The $1.84 billion General Fund budget bill, HB 155 by Rep. Steve Clouse, R-Ozark, is in the Senate Finance and Taxation General Fund Committee, and the $6.4 billion, 2017-18 Education Trust Fund budget bill, SB 129 by Sen. Arthur Orr, R-Decatur, awaits action on the House calendar.
HB 284, the autism coverage mandate bill by Rep. Jim Patterson, R-Meridianville, is in the Senate Finance and Taxation General Fund Committee.
The bill mandates what amounts to a health insurance tax that BlueCross-Blue Shield of Alabama estimates would cost policyholders and large and small businesses that provide medical insurance between $49 and $98 million annually, the Associated Press reported today.
The Business Council of Alabama, writing about a compromise piece of legislation, HB 404 by Rep. Jack D. Williams, R-Vestavia, is concerned about the cost of the mandate to business and individuals and taxpayers.
The House passed Rep. Patterson’s HB 284 without knowing the cost of providing autism spectrum therapies to taxpayers who fund Medicaid, to private businesses and employees, and public employees who pay for private insurance coverage.
“There are challenges for that legislation,” said Reed, deputy chairman of the Senate Health and Human Services Committee that rides herd over Medicaid issues.

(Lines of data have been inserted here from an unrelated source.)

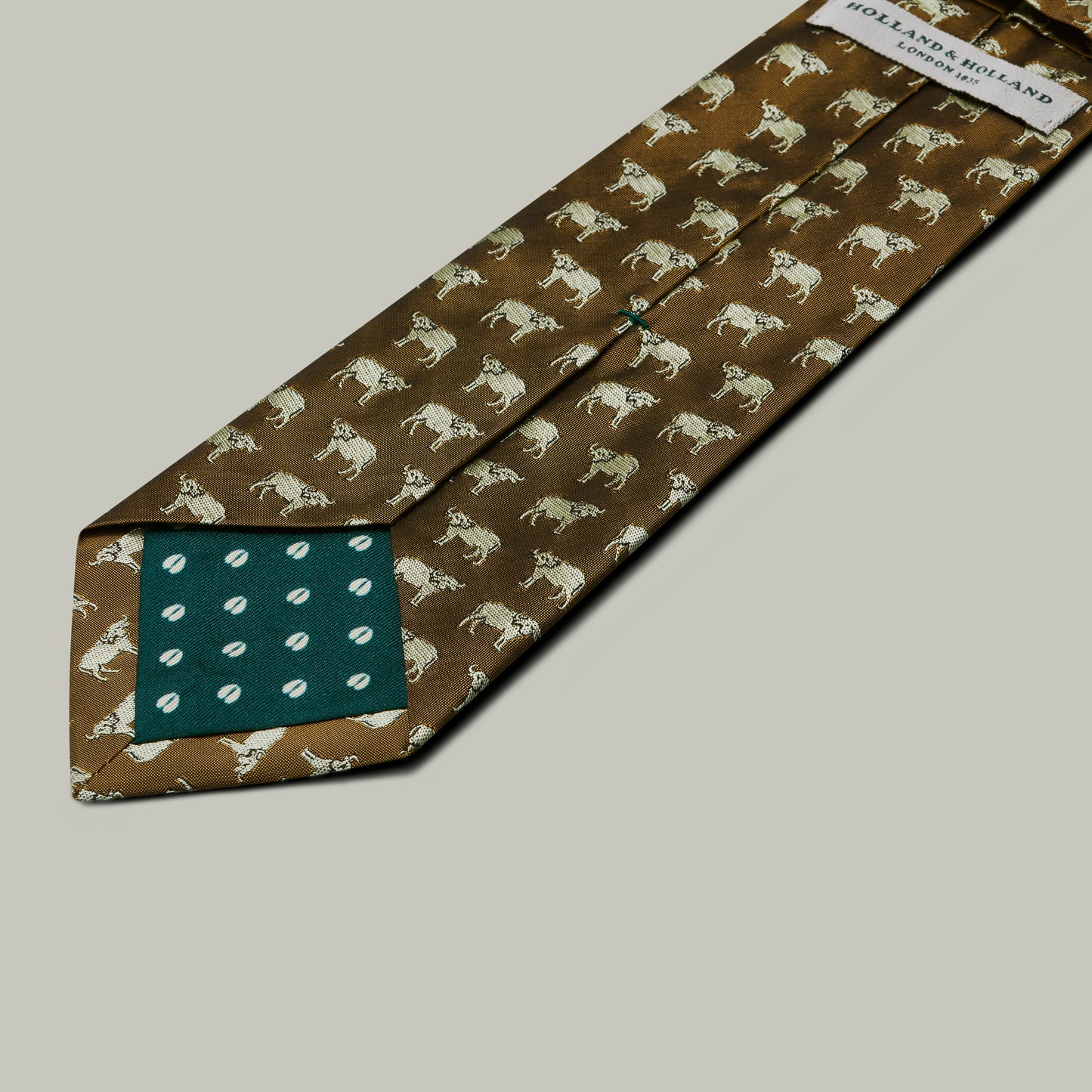 Harrow Silk Woven Tie - Buffalo [GOLD]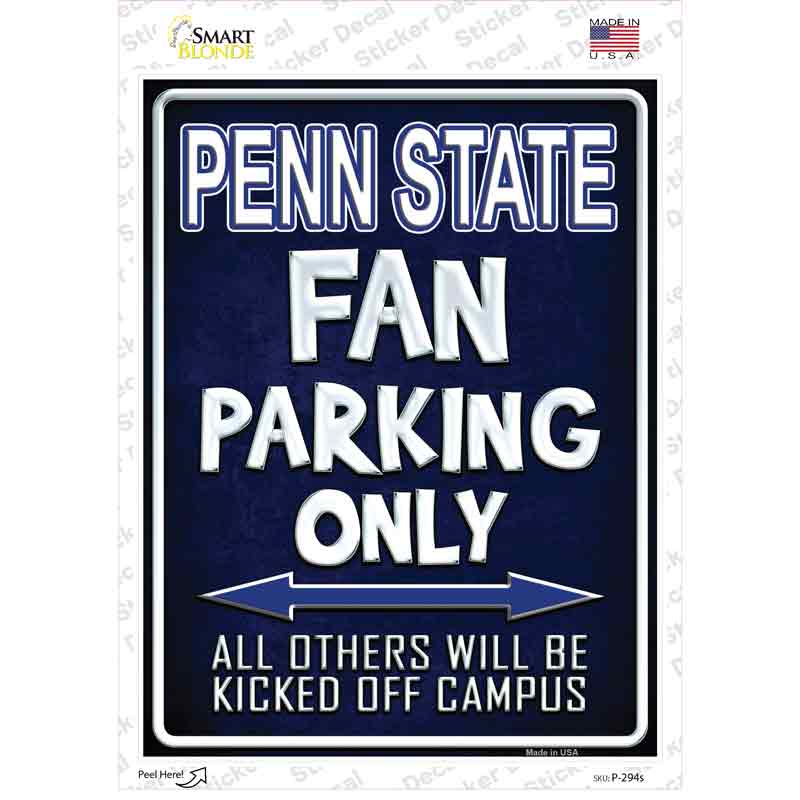Penn State Novelty Rectangle Sticker Decal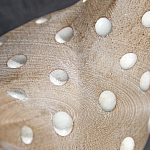 Статуэтка курица с текстурной поверхностью бежевого цвета Rustic Chicken варинант исполнения - 2 | Loft Concept в Барнауле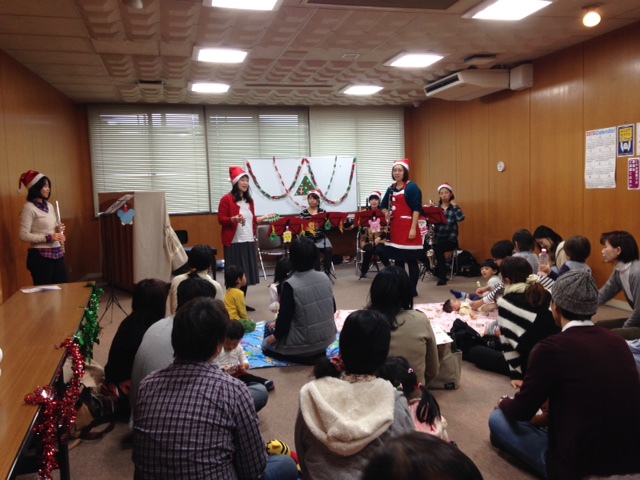 12月12日 クリスマス親子コンサートを開催しました！
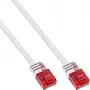 InLine Flat Ultraslim Patch Cable U/UTP Cat.6 Gigabit ready white 1m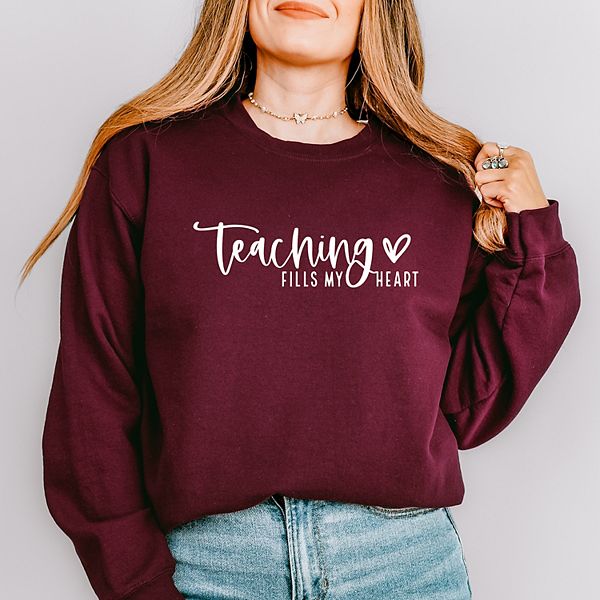 Свитшот Teaching fills my heart Simply Sage Market, Maroon
Свитшот Teaching fills my heart Simply Sage Market, Maroon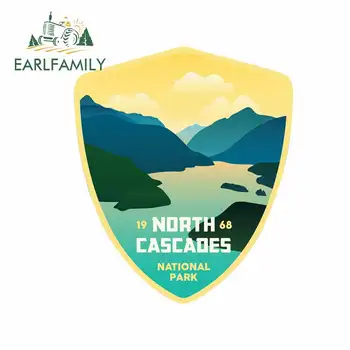 

EARLFAMILY 13cm x 11.3cm for Cascades National Park North Anime Motorcycle Refrigerator Car Stickers Windows RV Cartoon Decal
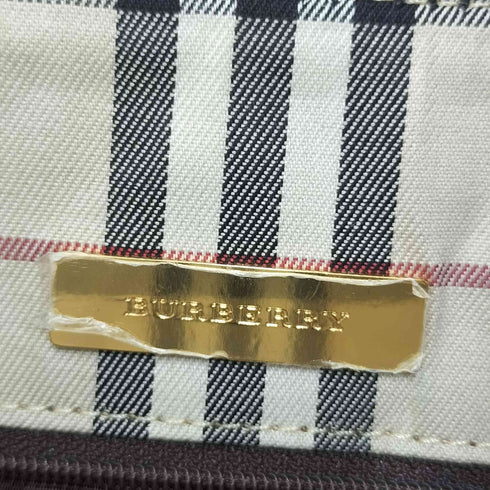 バーバリー BURBERRY 裏地ノバチェック レザーハンドバッグ レディース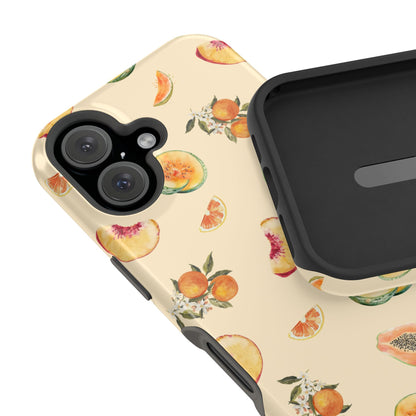 Vintage Peaches iPhone Case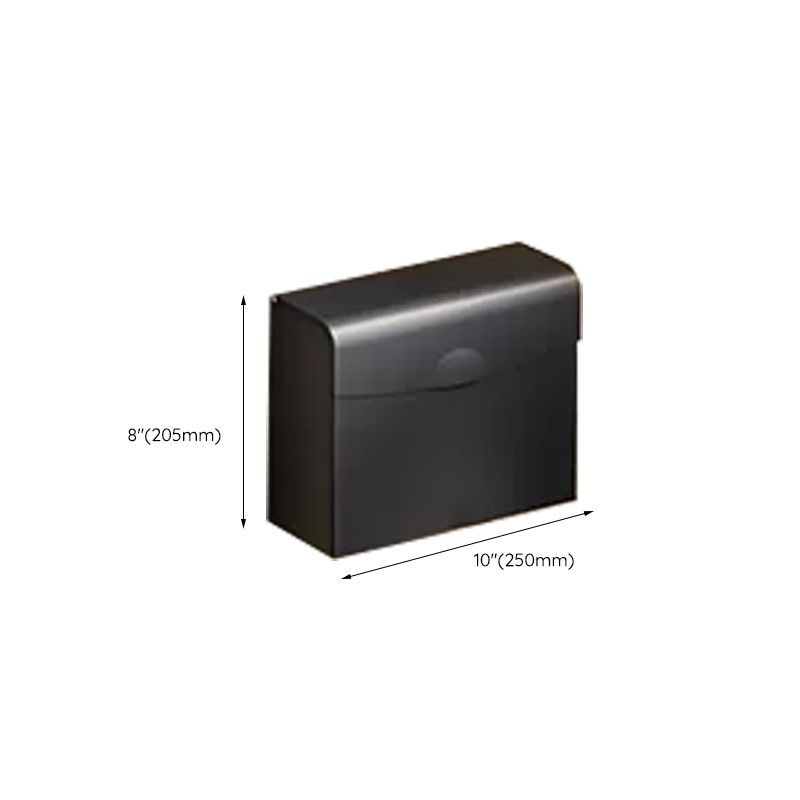 Stornfield | Contemporary bathroom accessory set with black finish and bath shelf/towel bar
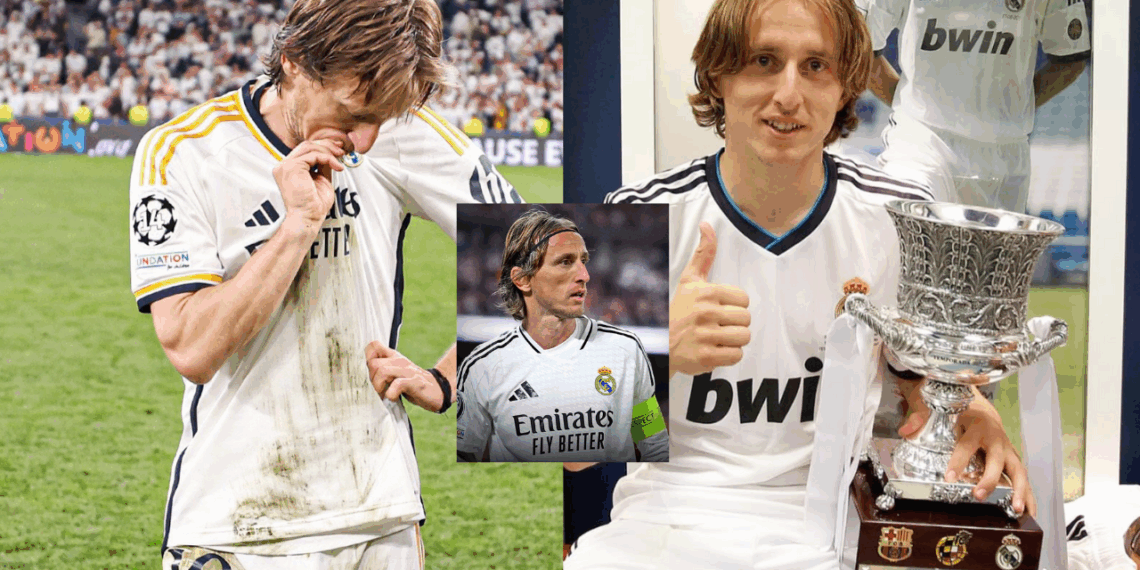Luka Modric se despide del Real Madrid.
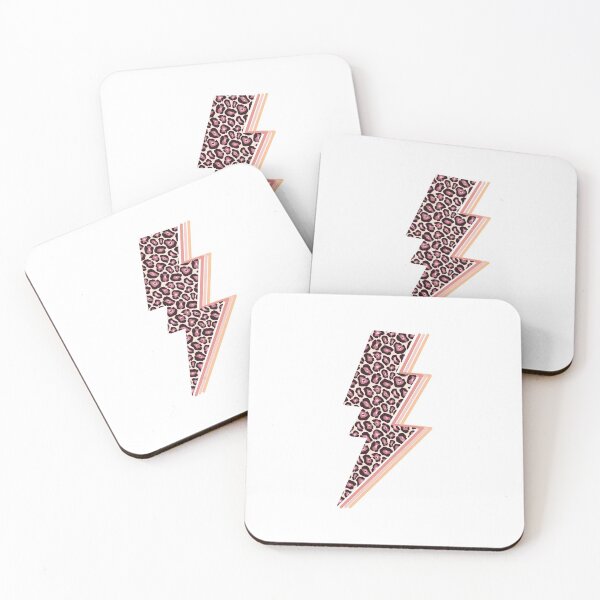 Item preview, Pink leopard print lightning bolt. Pink Aesthetic. Purple Aesthetic designed and sold by DaniBazz.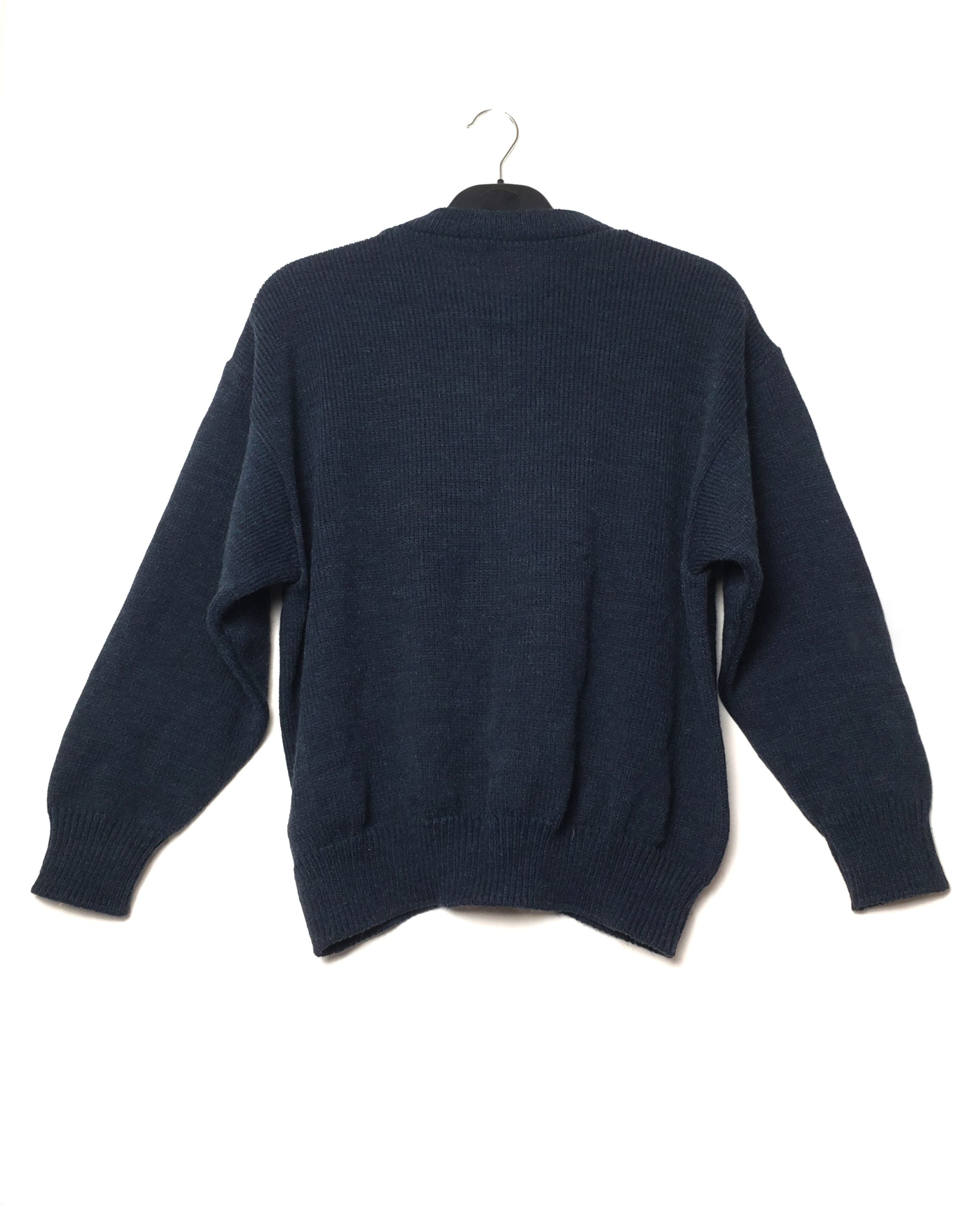 Стильний темно-синій кардиган DAMART - елегантний одяг 2 Стильний темно-синій кардиган DAMART - елегантний одяг - Зображення 2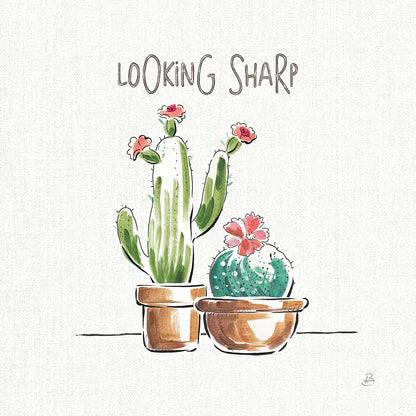 Desert Bloom III by Daphne Brissonnet. SKU 35019a. Archival Giclee Fine art print for wall decor.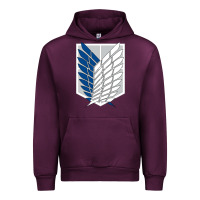 Mauve Wine wings of liberty Urban Hoodie - tuanDangUi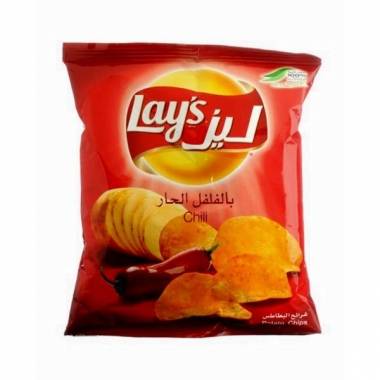 ليز شرائح بطاطس بالفلفل الحار 11 جم 21x حبة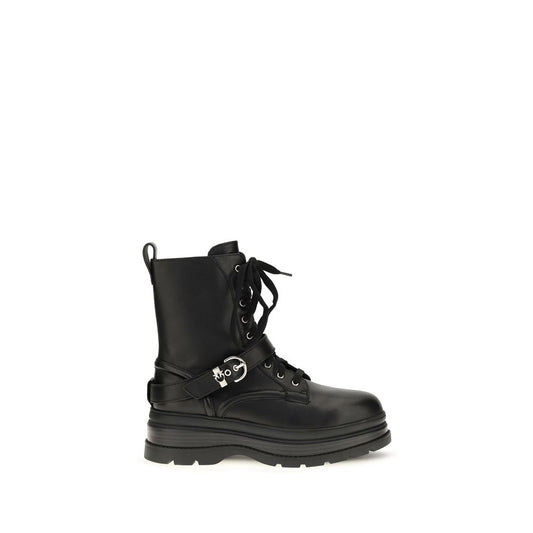 PINKO Schwarze Schnürstiefel aus Kalbsleder – Produktansicht 1 | Arca Lucia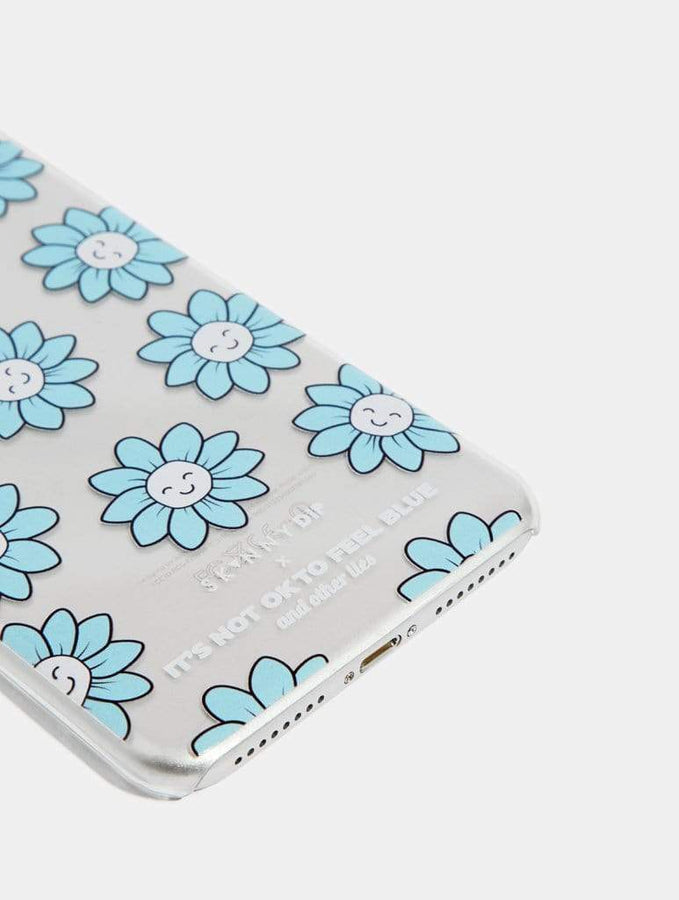 Skinnydip London | It's Ok to Feel Blue Flower Case - Product View 2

“This is an issue important to the people of Alabama and important certainly to those families (of autistic children) but it’s also important to industry because the treatment of these conditions for these children can be extraordinarily expensive,” Reed said.
“When you think about that, we as legislators have to manage not only the public benefit and the public health but also the business climate and the opportunity that promotes an appropriate business schedule so that we’re not mandating what business has to do,” Sen. Reed said.
Sen. Reed said an amendment added in the House that would mandate Medicaid coverage for autism therapies does not have a Legislative Fiscal Office cost estimate but that is being worked on. “I’m told that number could be as high as $20 million,” Sen. Reed said.
If so, $20 million would be a 3 percent increase to the General Fund portion of Medicaid’s current $701 million proposed appropriation. The bill assumes passage of a proposed tax increase to pay for current programs.
Sen. Reed, the force behind a Medicaid revision over the last several years with the creation of Regional Care Organizations and integrated care, said the General Fund is strapped for cash now. Legislators are trying to rein in Medicaid cost increases that are pushing $100 million a year.
“My goodness, we don’t have enough money to fund our Medicaid program as it is,” Sen. Reed said. “We have to have additional resources for the RCO model. Add $20 million on the top of that would be a struggle.”
Sen. Reed said it’s unknown whether the House and Senate will be able to accomplish legislative redistricting as ordered by a federal court before the session ends on or before May 22.
Bills have been introduced in the House and Senate to redraw districts that can pass court muster. The House bill came out of committee today.
“If you leave out politics we can do it,” Sen. Reed said.